BEGIN STORED DATA

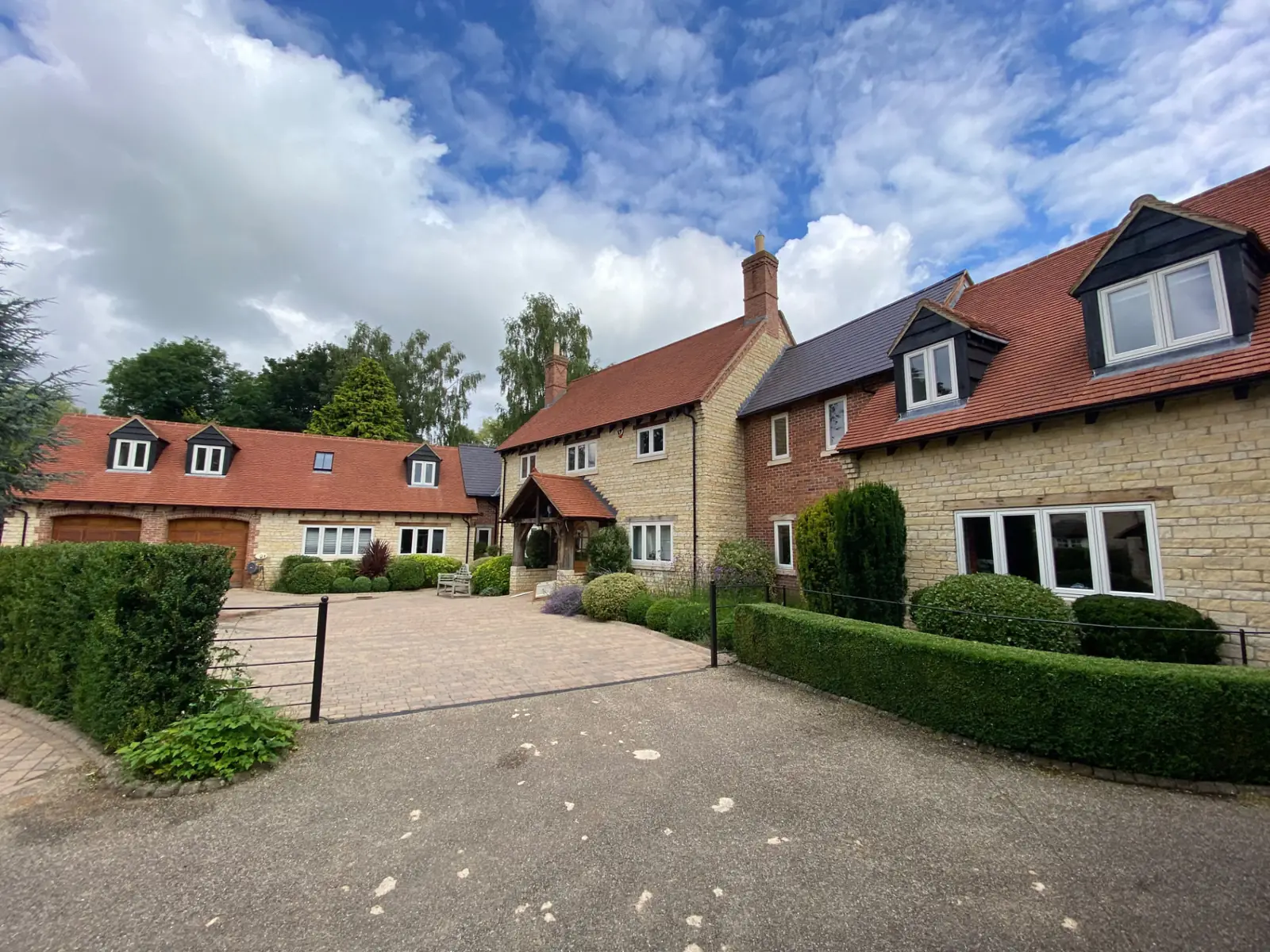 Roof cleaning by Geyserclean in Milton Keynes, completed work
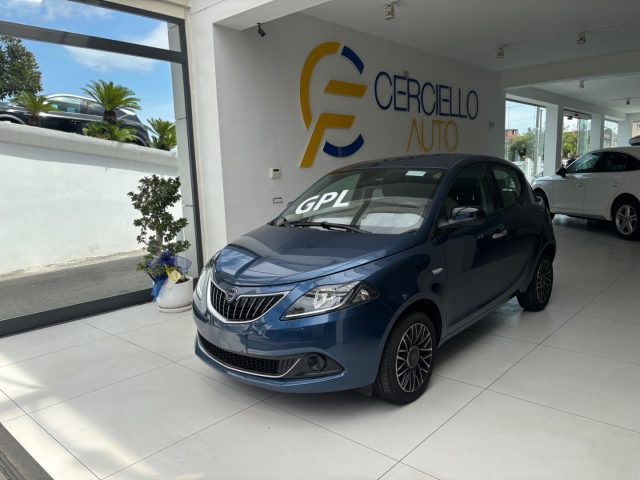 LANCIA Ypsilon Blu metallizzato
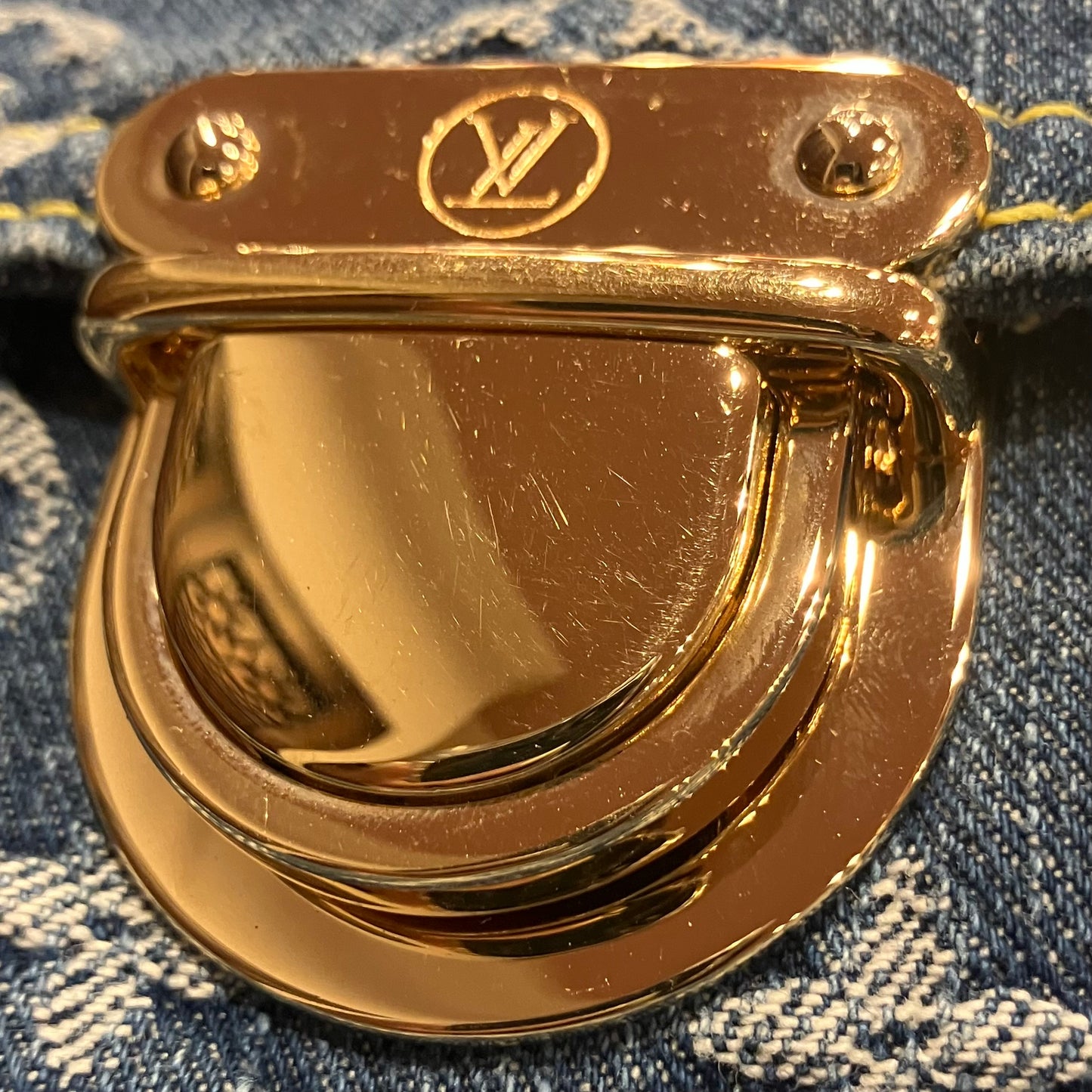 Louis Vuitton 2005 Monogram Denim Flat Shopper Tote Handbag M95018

END STORED DATA

• [DIRECTIONS] Leave the pictures out and return the rest of the listing exactly.

• [YOUR SOLUTION]
 Roof cleaning by Geyserclean in Milton Keynes, completed work
 LANCIA Ypsilon Blu metallizzato
 Louis Vuitton 2005 Monogram Denim Flat Shopper Tote Handbag M95018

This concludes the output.